--- START ---

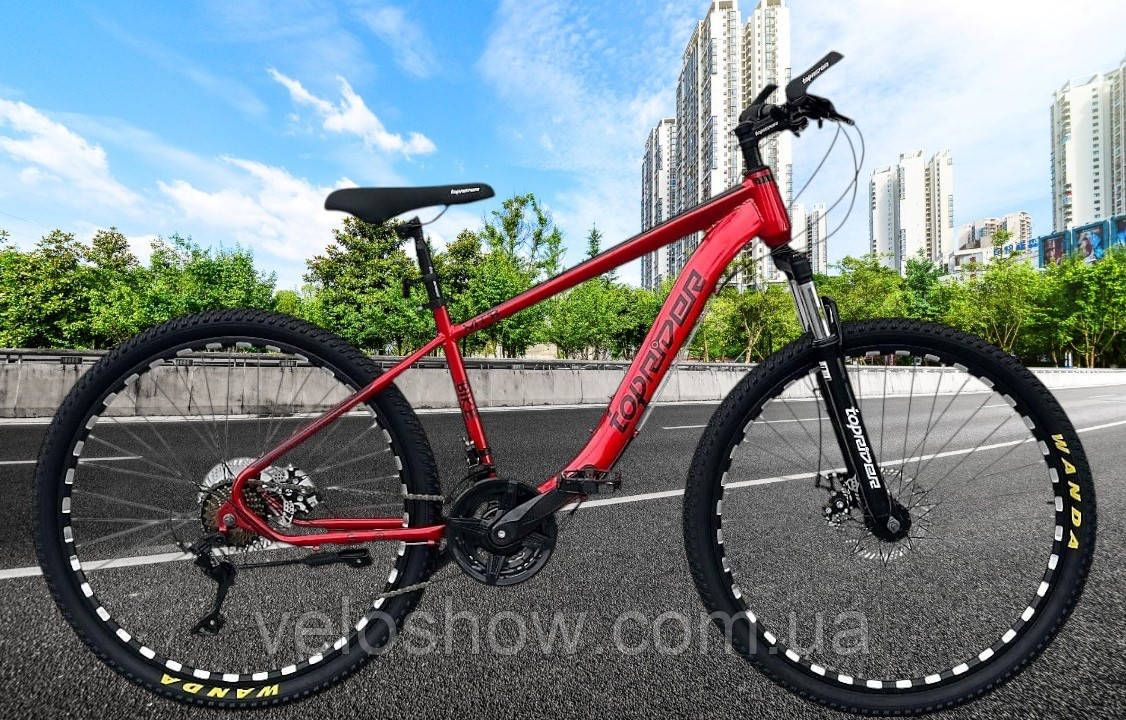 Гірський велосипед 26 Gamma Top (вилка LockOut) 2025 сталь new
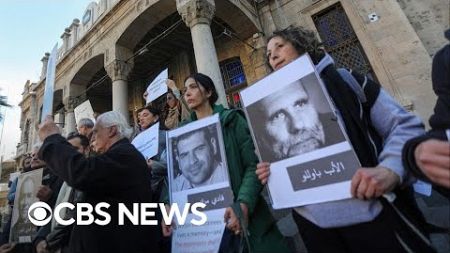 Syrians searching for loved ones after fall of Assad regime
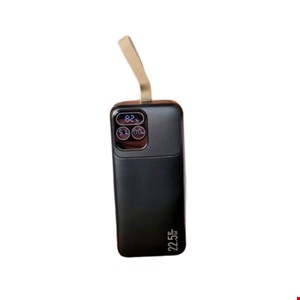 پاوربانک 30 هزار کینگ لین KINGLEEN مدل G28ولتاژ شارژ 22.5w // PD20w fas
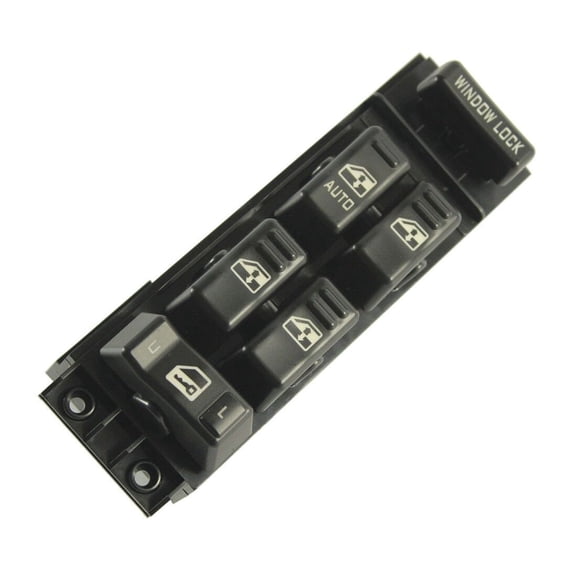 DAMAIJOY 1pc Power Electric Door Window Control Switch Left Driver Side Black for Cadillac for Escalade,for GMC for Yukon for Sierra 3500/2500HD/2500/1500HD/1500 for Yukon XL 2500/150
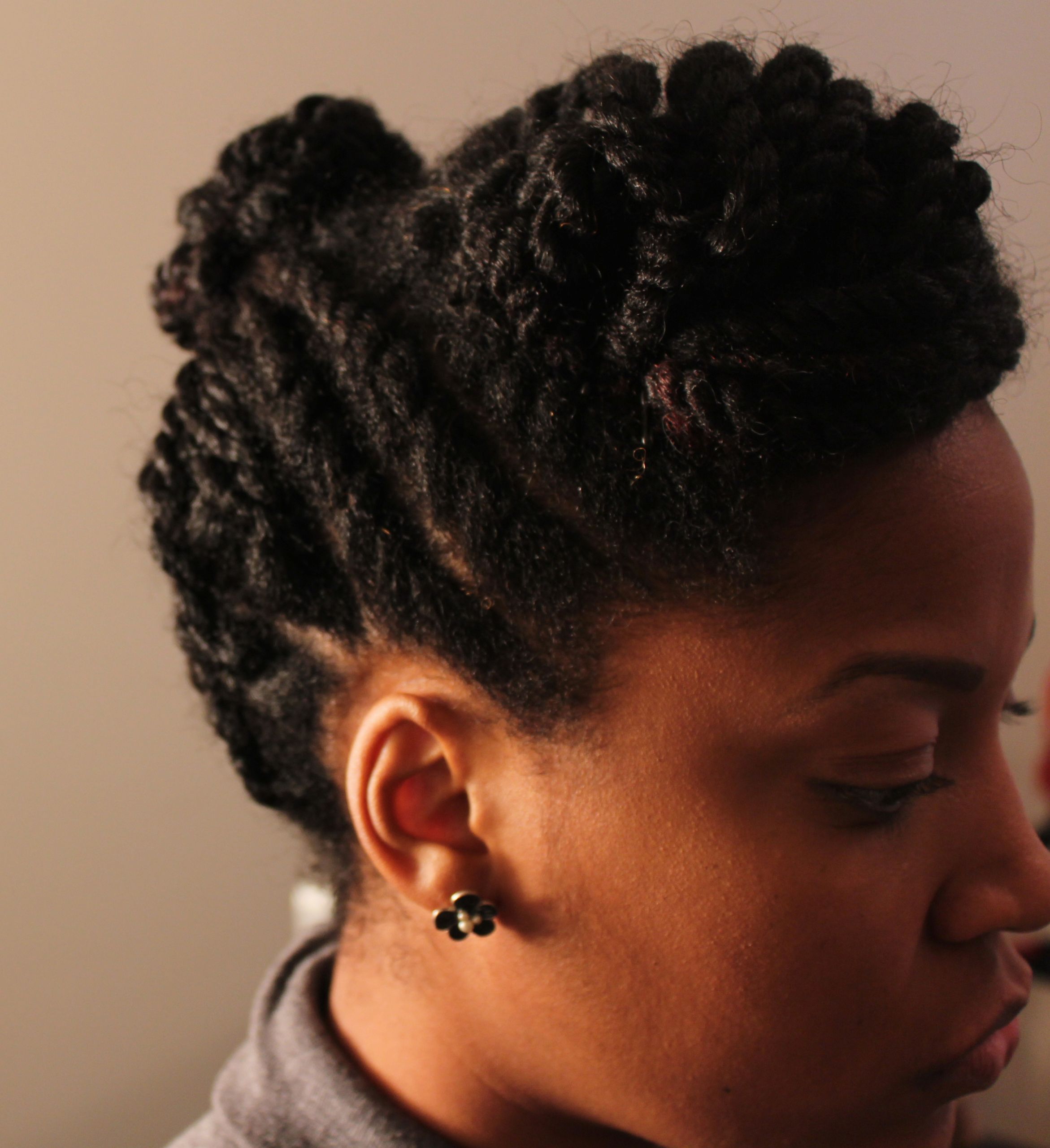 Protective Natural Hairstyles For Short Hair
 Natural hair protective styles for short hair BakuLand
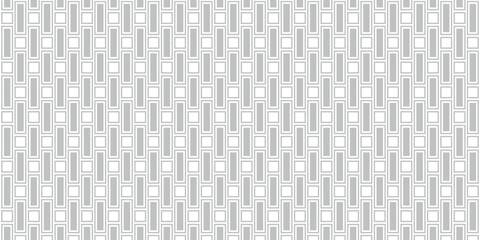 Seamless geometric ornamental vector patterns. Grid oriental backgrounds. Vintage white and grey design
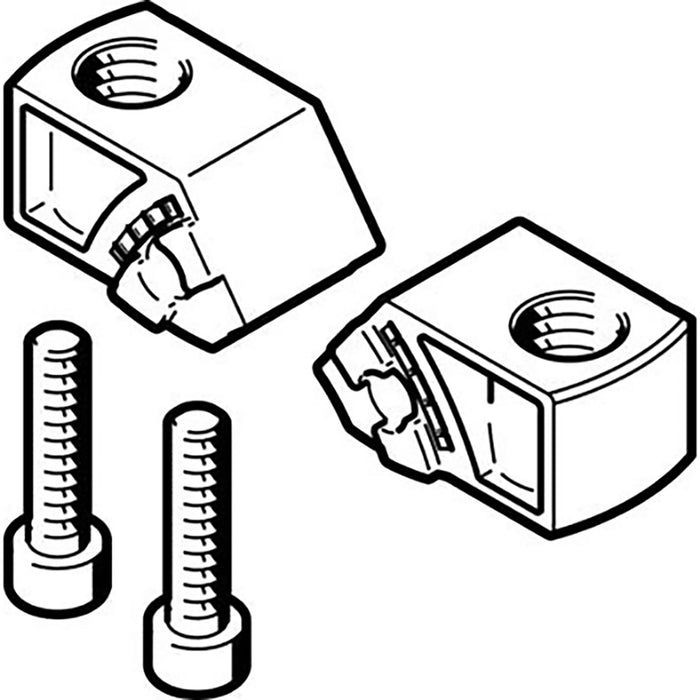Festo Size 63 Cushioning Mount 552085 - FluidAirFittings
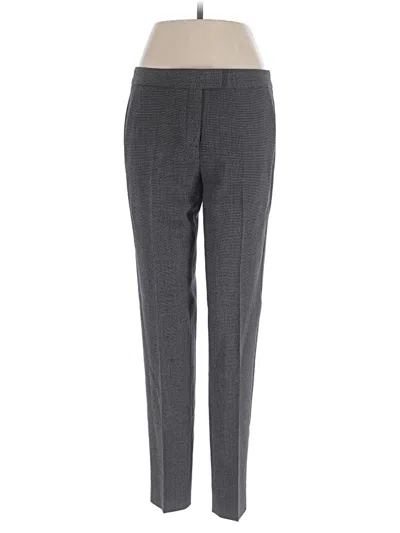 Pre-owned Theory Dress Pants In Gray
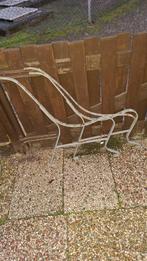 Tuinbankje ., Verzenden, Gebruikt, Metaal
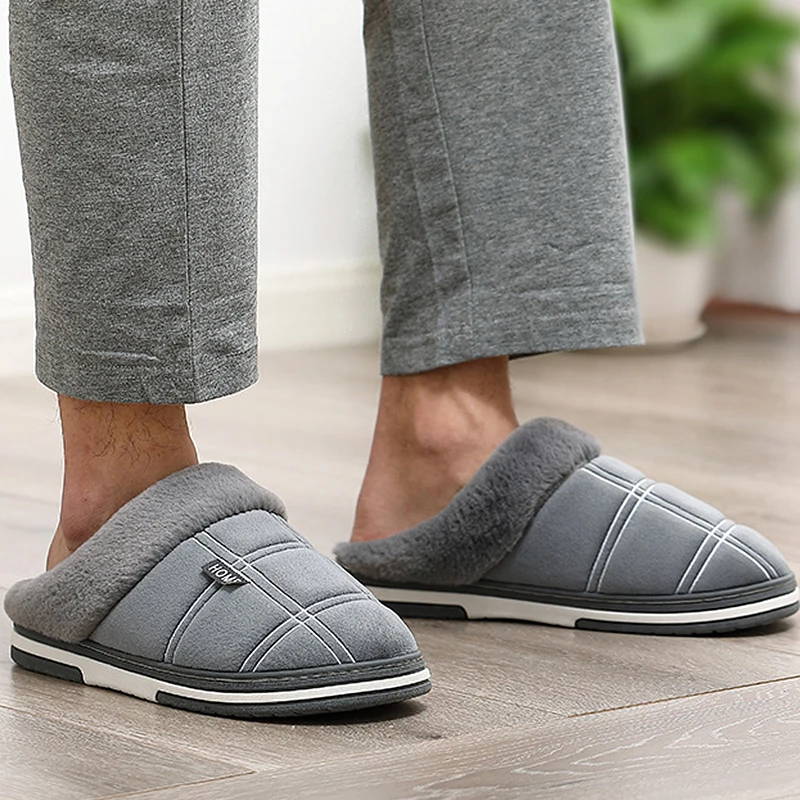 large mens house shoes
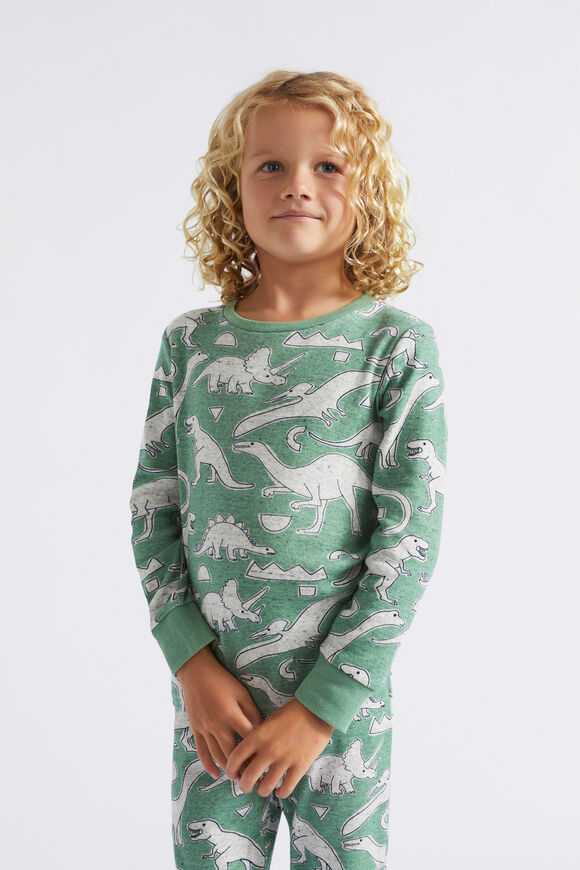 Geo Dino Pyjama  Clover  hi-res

--- END ---

> [WHAT TO WORK ON]: Your answer must contain the full data, repeated exactly, without pictures.

> [RESPONSE FOR THIS EXERCISE]:
 Гірський велосипед 26 Gamma Top (вилка LockOut) 2025 сталь new
 Syrians searching for loved ones after fall of Assad regime
 پاوربانک 30 هزار کینگ لین KINGLEEN مدل G28ولتاژ شارژ 22.5w // PD20w fas
 DAMAIJOY 1pc Power Electric Door Window Control Switch Left Driver Side Black for Cadillac for Escalade,for GMC for Yukon for Sierra 3500/2500HD/2500/1500HD/1500 for Yukon XL 2500/150
 Protective Natural Hairstyles For Short Hair
 Natural hair protective styles for short hair BakuLand
 Seamless geometric ornamental vector patterns. Grid oriental backgrounds. Vintage white and grey design
Festo Size 63 Cushioning Mount 552085 - FluidAirFittings
 Pre-owned Theory Dress Pants In Gray
 Tuinbankje ., Verzenden, Gebruikt, Metaal
 large mens house shoes
 Geo Dino Pyjama  Clover  hi-res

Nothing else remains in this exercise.